The European fireworks move naturally on to Ryanair’s decision not to bid for any of the assets of the insolvent German airline Air Berlin.

O’Leary told media audiences in both Berlin and London last week that the process was a “stitch-up” by the German government to deliver Air Berlin to German market leader, Lufthansa, in clear breach of anti-trust rules. The German government has already said that a bridging loan of €150 million (£139m) it has granted to Air Berlin does not breach anti-trust rules, although a takeover by Lufthansa would give the airline more than 90 per cent of the German domestic market.

Hide Ad
Hide Ad

“This is a clear breach of all known German and EU competition rules,” O’Leary said. “Lufthansa will be not just a German champion but a German monster. The Germans are very fond of telling everybody they should obey the rules unless it suits them. German customers will suffer higher fares for the next five to ten years to pay for this thing.”

By contrast, he added that Ryanair remained interested in picking up assets from the sale of loss-making Italian flag carrier Air Italia, possibly through “competition remedies” as part of a likely break-up of the airline.

On another tack, the Ryanair chief, who earned nearly £3m last year, thinks the UK government’s fuss about chief executive pay is overdone – particularly compared with Premiership footballers. The Prime Minister’s watered down plans include a blacklist of companies where at least 20 per cent of shareholders vote at the AGM against the remuneration report. But O’Leary said: “I think company bosses are remarkably badly paid. If you can have Wayne Rooney getting £300,000 a week and Alexis Sanchez on £400,000, I’m seriously underpaid. I don’t score as many goals but I employ a lot more people and make a much bigger contribution to the UK economy.”

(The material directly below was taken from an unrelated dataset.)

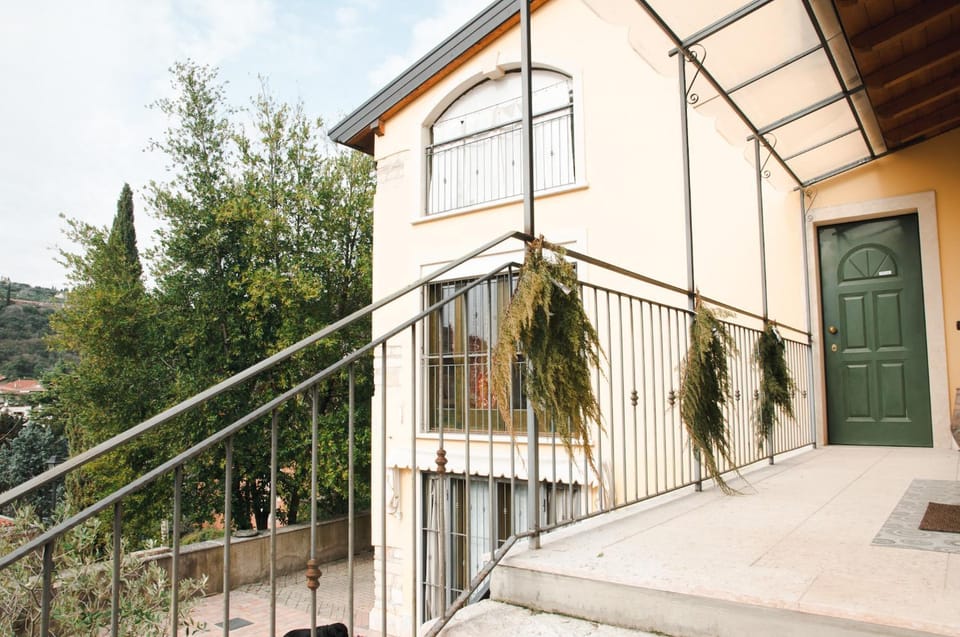 Property building, Balcony/Terrace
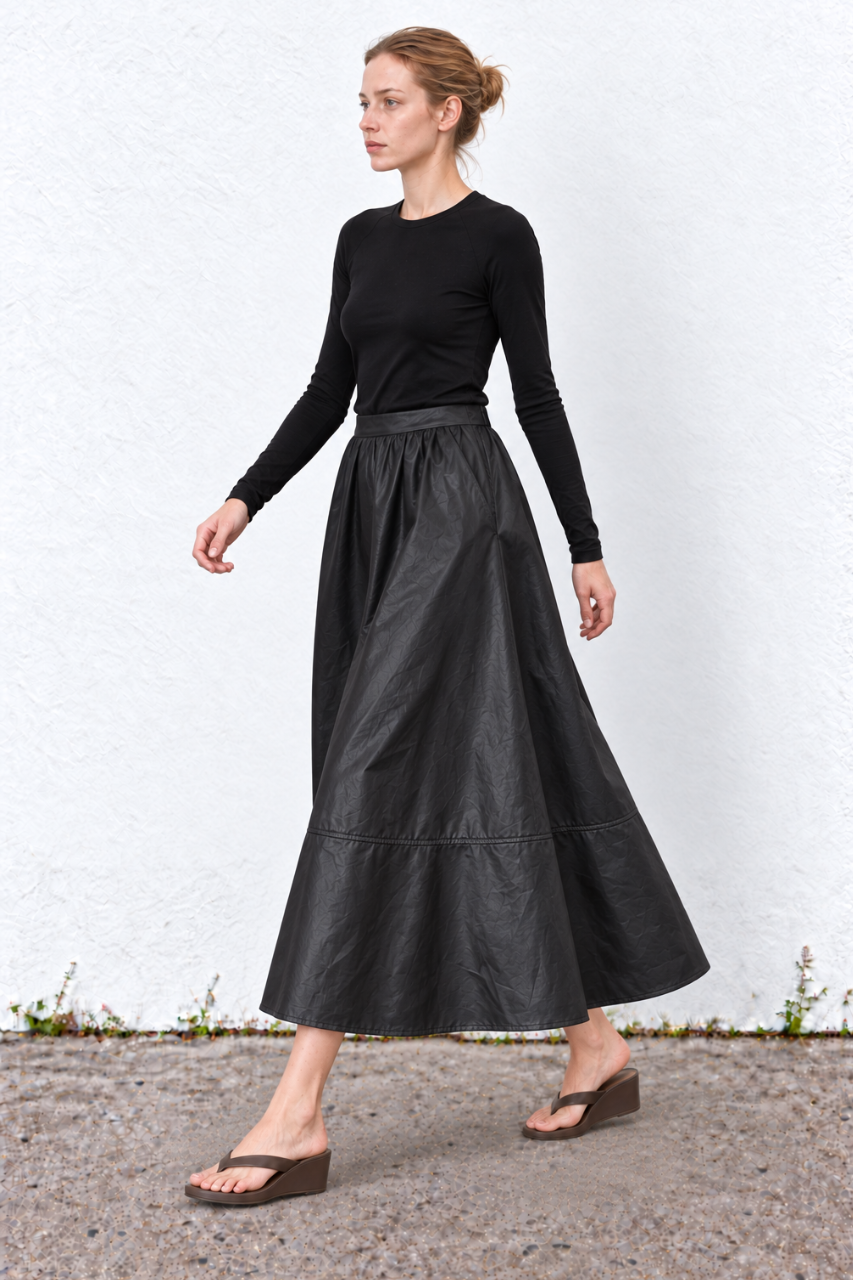 W Wide skirt Black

Earlier this year Ryanair hit the headlines by campaigning for a strict limit on how many alcoholic drinks passengers could have in airport bars before they boarded flights, following a flurry of incidents involving unruly behaviour on planes. O’Leary returned to the subject, saying that he was “not a killjoy”, but as airports were responsible for safety they should “also be responsible for sobriety”.

He added: “We are left dealing with problems in the air.” Ryanair is campaigning to impose a limit of two alcoholic drinks for passengers before they board and a total ban on drinking alcohol at airports before 10am. O’Leary said that some passengers “sit around in bars getting progressively more and more drunk. We have to deal with the discomfort to our other passengers. People should not be drinking ten or 12 drinks. We don’t need stag or hen parties.”

Despite the aggravations, Ryanair, in which O’Leary owns a 4 per cent stake, posted a 55 per cent surge in profits to €397m (£365m) in the three months to end-June on revenues up 13 per cent to €1.9 billion. However, although it said average fares rose 1 per cent in the period, it added that it expected fares to fall 5 per cent in its first trading half and by 8 per cent in the second half amid tough competition in the sector and as Ryanair passes on lower fuel costs. O’Leary pledged to ratchet up the pressure on less well-capitalised rivals, claiming “our fares are falling faster and steeper than any other airline. We use that price advantage to spread the message of low fares across every country in Europe.”

And it would not be the maverick Irishman if there was not a little pop at rival BA. He said Ryanair was beating BA on most metrics, from punctuality (Ryanair’s 90 per cent to BA’s 74 per cent) to legroom (31 inches compared with BA’s 29 inches).

O’Leary said the company was either No 1 or No 2 in every country it operated in, and that price pressures would probably lead to a shakeout in the European air industry. He forecast that in five years there would only be four or five airlines flying in Europe, namechecking Ryanair, British Airways, Lufthansa, Air France-KLM and possibly EasyJet.